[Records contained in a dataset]
%%
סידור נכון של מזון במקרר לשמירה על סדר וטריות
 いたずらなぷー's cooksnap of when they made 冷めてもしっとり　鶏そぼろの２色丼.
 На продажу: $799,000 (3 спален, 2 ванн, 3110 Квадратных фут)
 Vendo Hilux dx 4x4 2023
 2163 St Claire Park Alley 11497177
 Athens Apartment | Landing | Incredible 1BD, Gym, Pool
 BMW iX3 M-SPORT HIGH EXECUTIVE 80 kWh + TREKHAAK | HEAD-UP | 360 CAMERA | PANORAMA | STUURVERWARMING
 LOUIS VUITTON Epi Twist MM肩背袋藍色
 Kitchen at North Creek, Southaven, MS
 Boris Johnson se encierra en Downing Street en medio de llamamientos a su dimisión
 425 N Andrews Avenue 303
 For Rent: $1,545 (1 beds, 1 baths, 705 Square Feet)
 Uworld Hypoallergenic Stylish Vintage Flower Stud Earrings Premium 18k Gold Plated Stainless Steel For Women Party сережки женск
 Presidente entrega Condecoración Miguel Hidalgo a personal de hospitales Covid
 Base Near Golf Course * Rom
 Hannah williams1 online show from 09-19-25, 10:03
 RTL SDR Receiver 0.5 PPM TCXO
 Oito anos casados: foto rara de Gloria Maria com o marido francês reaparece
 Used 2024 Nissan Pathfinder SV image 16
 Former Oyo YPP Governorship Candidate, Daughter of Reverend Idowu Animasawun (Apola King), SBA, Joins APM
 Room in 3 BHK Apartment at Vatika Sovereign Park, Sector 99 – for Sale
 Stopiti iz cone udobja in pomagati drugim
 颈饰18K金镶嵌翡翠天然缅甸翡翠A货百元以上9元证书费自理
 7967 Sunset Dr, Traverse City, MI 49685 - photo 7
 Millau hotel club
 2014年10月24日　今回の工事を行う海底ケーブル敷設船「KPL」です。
%%
> _PROBLEM TO WORK ON_
All of the data above needs to be given again exactly.

> _ANSWER BOX_
סידור נכון של מזון במקרר לשמירה על סדר וטריות
 いたずらなぷー's cooksnap of when they made 冷めてもしっとり　鶏そぼろの２色丼.
 На продажу: $799,000 (3 спален, 2 ванн, 3110 Квадратных фут)
 Vendo Hilux dx 4x4 2023
 2163 St Claire Park Alley 11497177
 Athens Apartment | Landing | Incredible 1BD, Gym, Pool
 BMW iX3 M-SPORT HIGH EXECUTIVE 80 kWh + TREKHAAK | HEAD-UP | 360 CAMERA | PANORAMA | STUURVERWARMING
 LOUIS VUITTON Epi Twist MM肩背袋藍色
 Kitchen at North Creek, Southaven, MS
 Boris Johnson se encierra en Downing Street en medio de llamamientos a su dimisión
 425 N Andrews Avenue 303
 For Rent: $1,545 (1 beds, 1 baths, 705 Square Feet)
 Uworld Hypoallergenic Stylish Vintage Flower Stud Earrings Premium 18k Gold Plated Stainless Steel For Women Party сережки женск
 Presidente entrega Condecoración Miguel Hidalgo a personal de hospitales Covid
 Base Near Golf Course * Rom
 Hannah williams1 online show from 09-19-25, 10:03
 RTL SDR Receiver 0.5 PPM TCXO
 Oito anos casados: foto rara de Gloria Maria com o marido francês reaparece
 Used 2024 Nissan Pathfinder SV image 16
 Former Oyo YPP Governorship Candidate, Daughter of Reverend Idowu Animasawun (Apola King), SBA, Joins APM
 Room in 3 BHK Apartment at Vatika Sovereign Park, Sector 99 – for Sale
 Stopiti iz cone udobja in pomagati drugim
 颈饰18K金镶嵌翡翠天然缅甸翡翠A货百元以上9元证书费自理
 7967 Sunset Dr, Traverse City, MI 49685 - photo 7
 Millau hotel club
 2014年10月24日　今回の工事を行う海底ケーブル敷設船「KPL」です。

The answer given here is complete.